Items listed in a dataset:
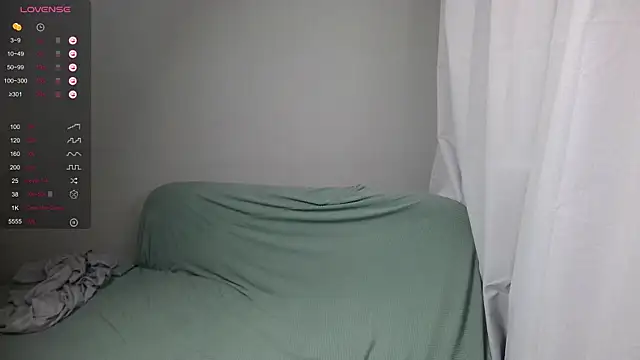 LeonBoykisser live sex cam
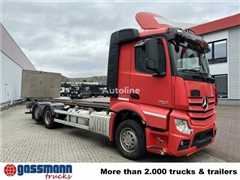 Mercedes Actros Ciężarówka do przewozu kontenerów Mercedes-Benz Actros 2645 6x2, Retarder, Liftachse, AWL, Hiab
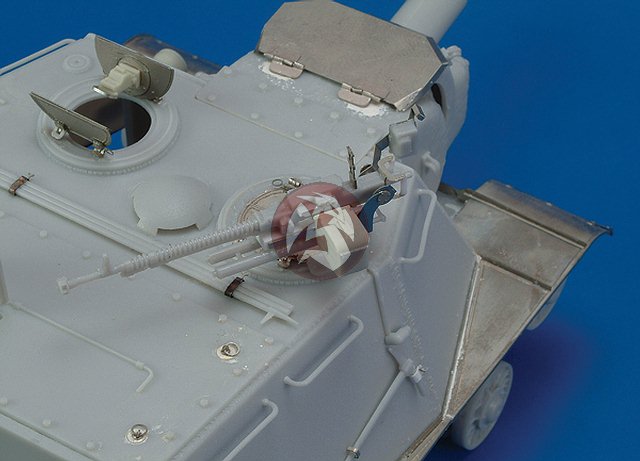 Dragon 1/35 JSU-122 Tank Destroyer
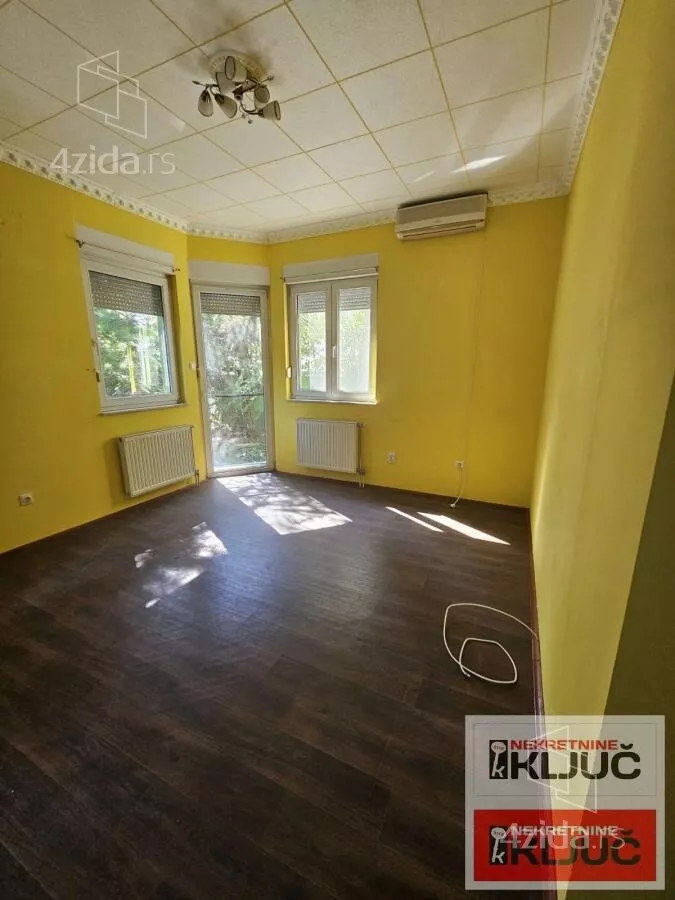 Četvoroiposoban stan | 4zida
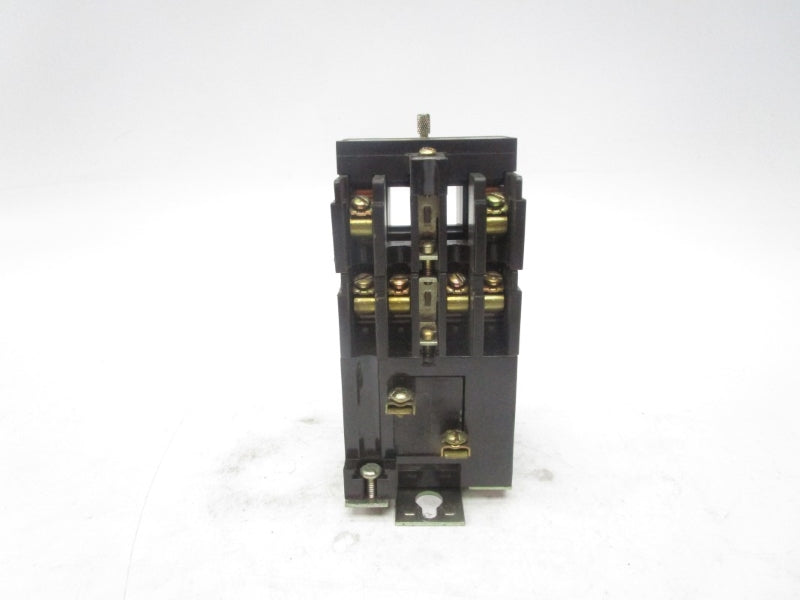 GENERAL ELECTRIC CR120B033 SER. A 600VAC UNMP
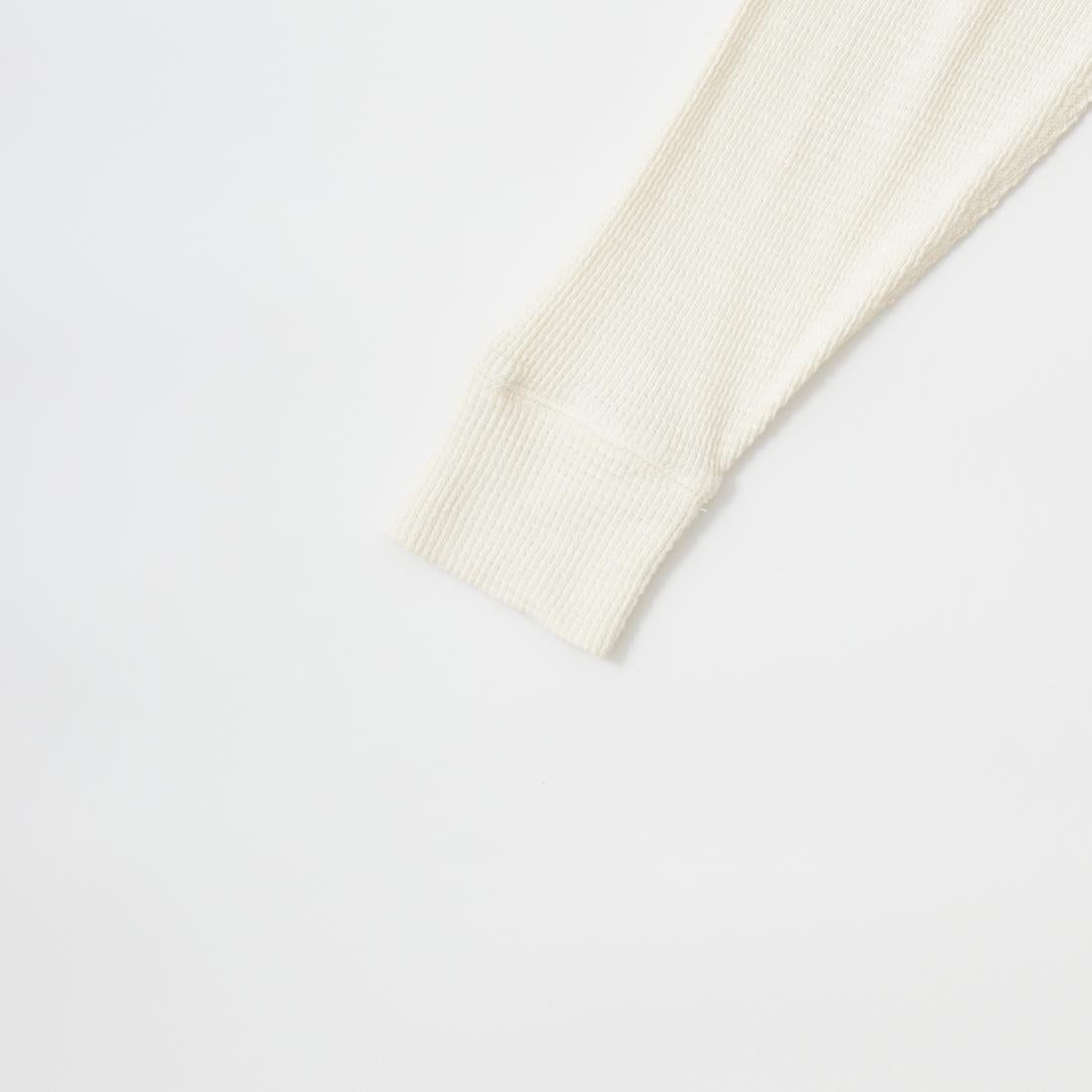 RRL(ﾀﾞﾌﾞﾙｱｰﾙｴﾙ)のワッフル素材を使用したヘンリーネックのカットソーの生地感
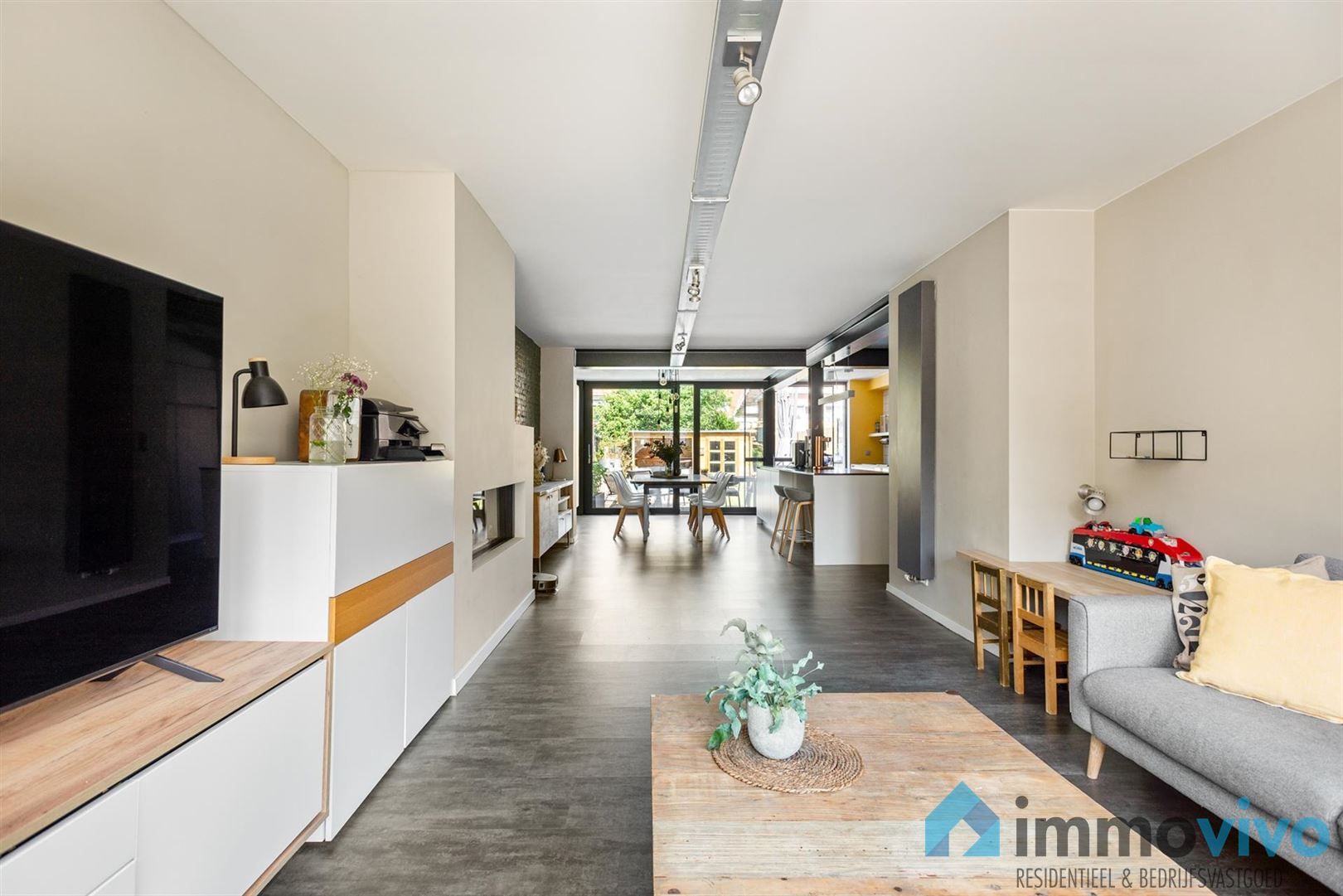 Gerenoveerde woning met zwembad op toplocatie aan Hof Ter Linden foto 16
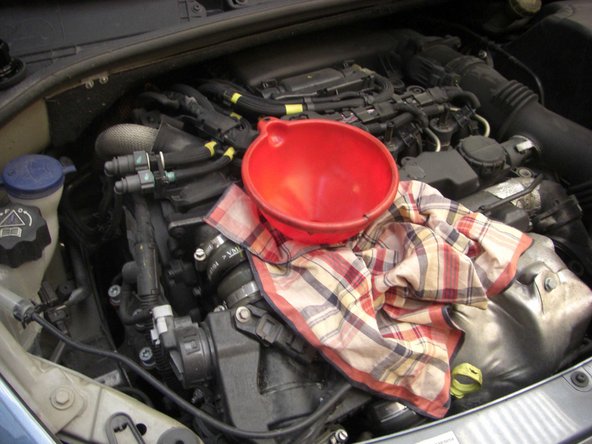 2. Verser l'huile avec un entonnoir, en vous arrêtant régulièrement pour vérifier le niveau avec la jauge (attendre au moins 5 secondes entre chaque arrêt).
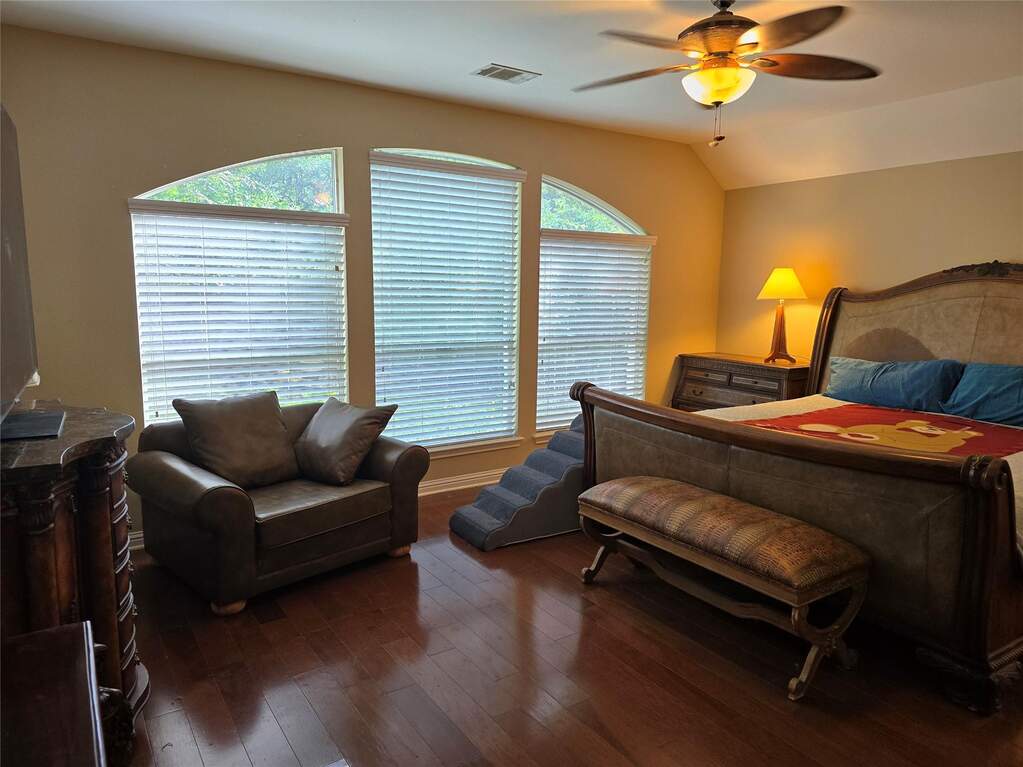 3 Bedroom Single Family Home/House's Image 20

§ Problem details
Exact copy, no pictures: please print every record above as written.

§ Your solution
 LeonBoykisser live sex cam
 Mercedes Actros Ciężarówka do przewozu kontenerów Mercedes-Benz Actros 2645 6x2, Retarder, Liftachse, AWL, Hiab
 Dragon 1/35 JSU-122 Tank Destroyer
 Četvoroiposoban stan | 4zida
 GENERAL ELECTRIC CR120B033 SER. A 600VAC UNMP
 RRL(ﾀﾞﾌﾞﾙｱｰﾙｴﾙ)のワッフル素材を使用したヘンリーネックのカットソーの生地感
 Gerenoveerde woning met zwembad op toplocatie aan Hof Ter Linden foto 16
 2. Verser l'huile avec un entonnoir, en vous arrêtant régulièrement pour vérifier le niveau avec la jauge (attendre au moins 5 secondes entre chaque arrêt).
 3 Bedroom Single Family Home/House's Image 20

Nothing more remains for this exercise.